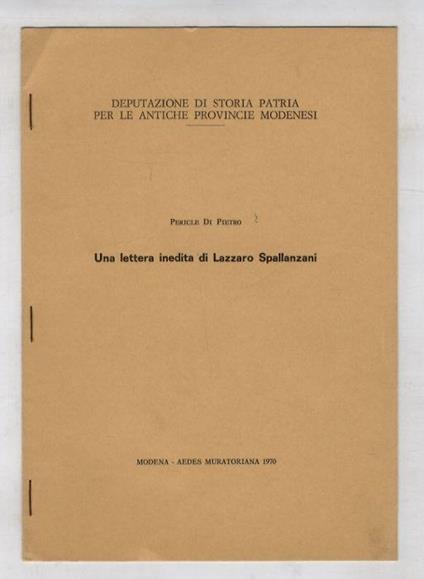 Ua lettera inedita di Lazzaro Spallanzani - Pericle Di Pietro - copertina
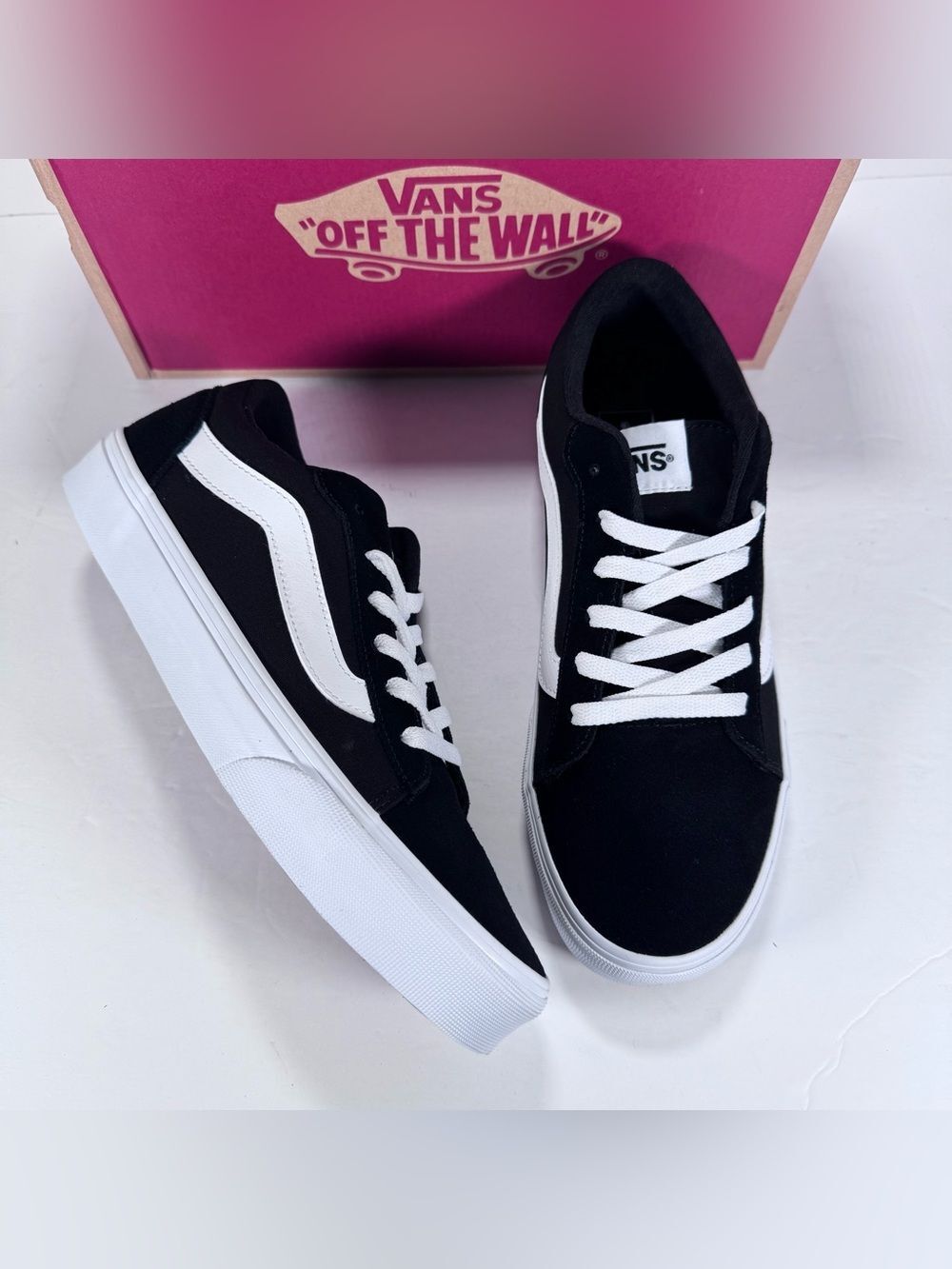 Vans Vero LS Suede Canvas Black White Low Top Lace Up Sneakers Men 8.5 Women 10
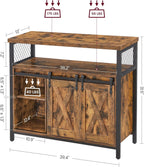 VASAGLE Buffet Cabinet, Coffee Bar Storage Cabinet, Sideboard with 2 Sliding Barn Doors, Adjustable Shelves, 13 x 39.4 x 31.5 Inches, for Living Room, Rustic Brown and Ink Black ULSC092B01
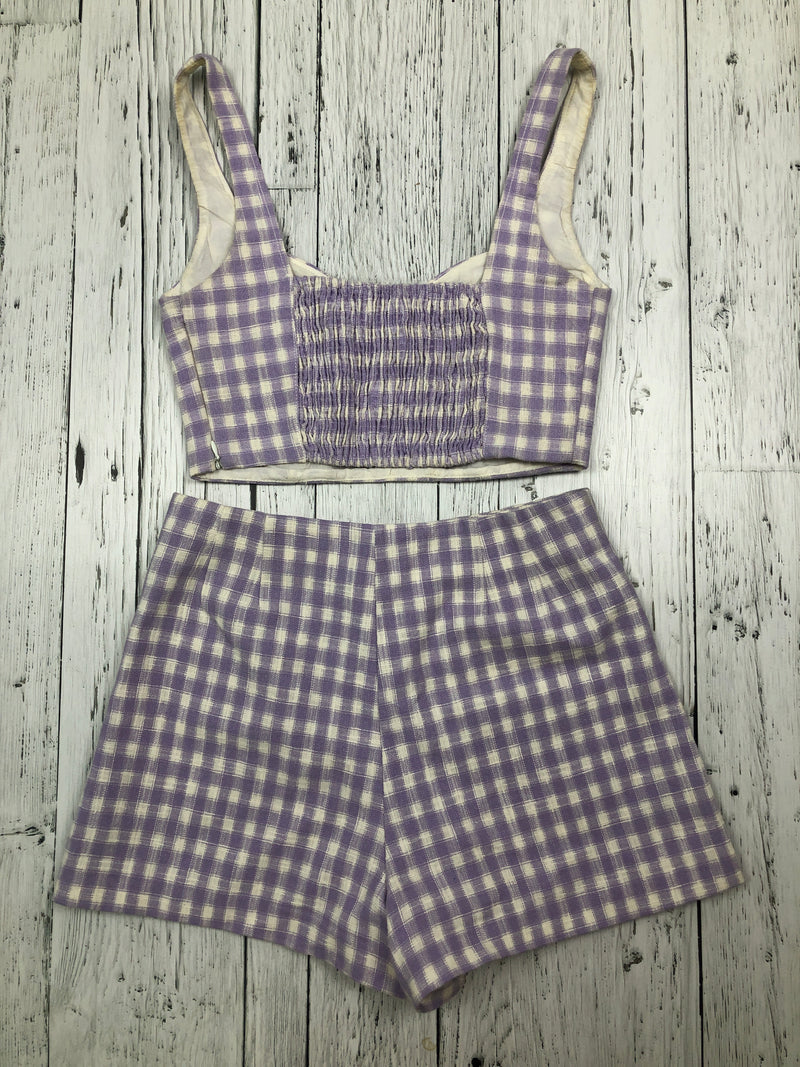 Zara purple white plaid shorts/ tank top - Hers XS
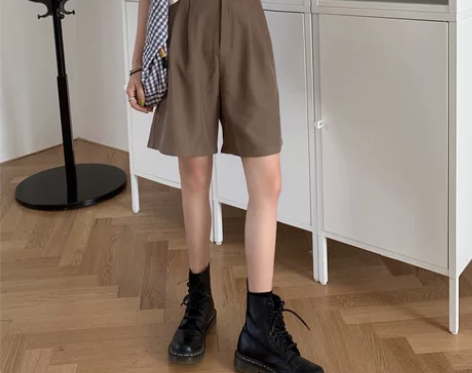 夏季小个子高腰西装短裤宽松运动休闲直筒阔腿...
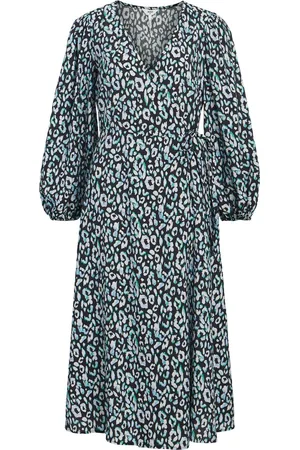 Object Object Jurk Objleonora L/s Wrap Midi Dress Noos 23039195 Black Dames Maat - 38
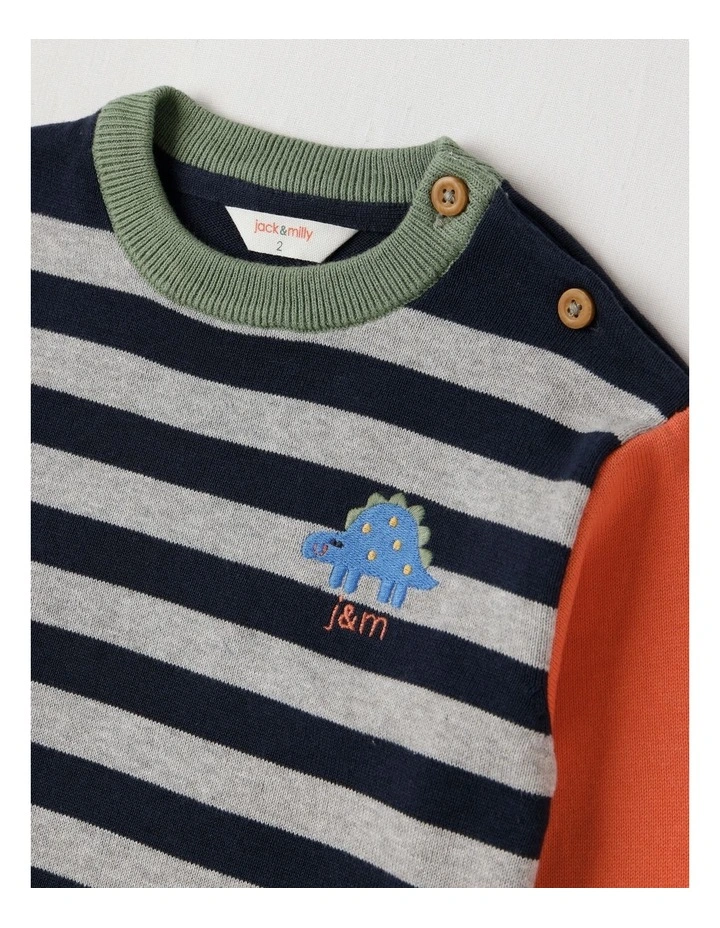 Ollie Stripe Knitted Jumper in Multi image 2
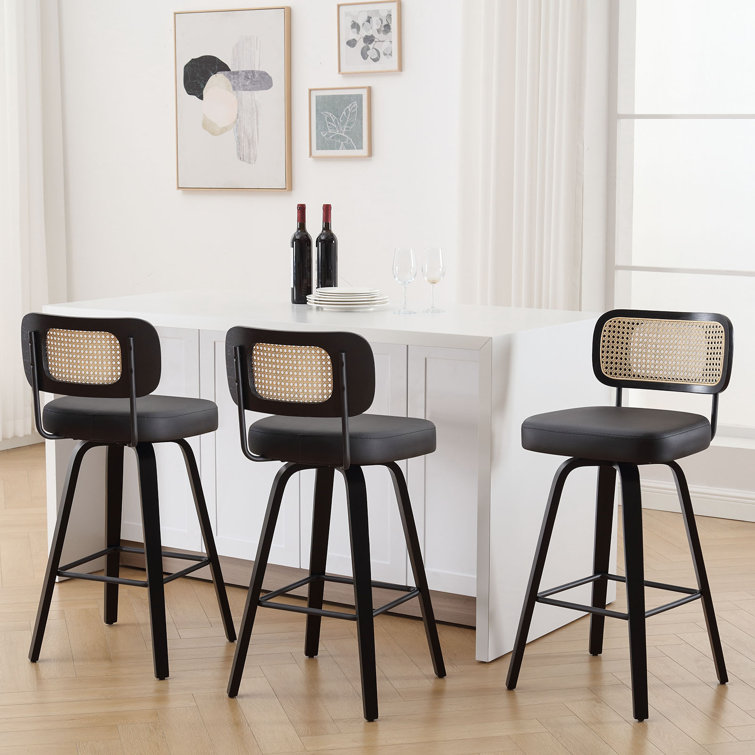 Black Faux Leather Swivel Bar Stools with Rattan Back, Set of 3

---

- PROBLEM DETAILS
Please print the lines from the one holding "Ollie Stripe Knitted Jumper in Multi image 2" through the end of the records above, unchanged and with the pictures left out.

- EXERCISE RESPONSE
 Ollie Stripe Knitted Jumper in Multi image 2
 Black Faux Leather Swivel Bar Stools with Rattan Back, Set of 3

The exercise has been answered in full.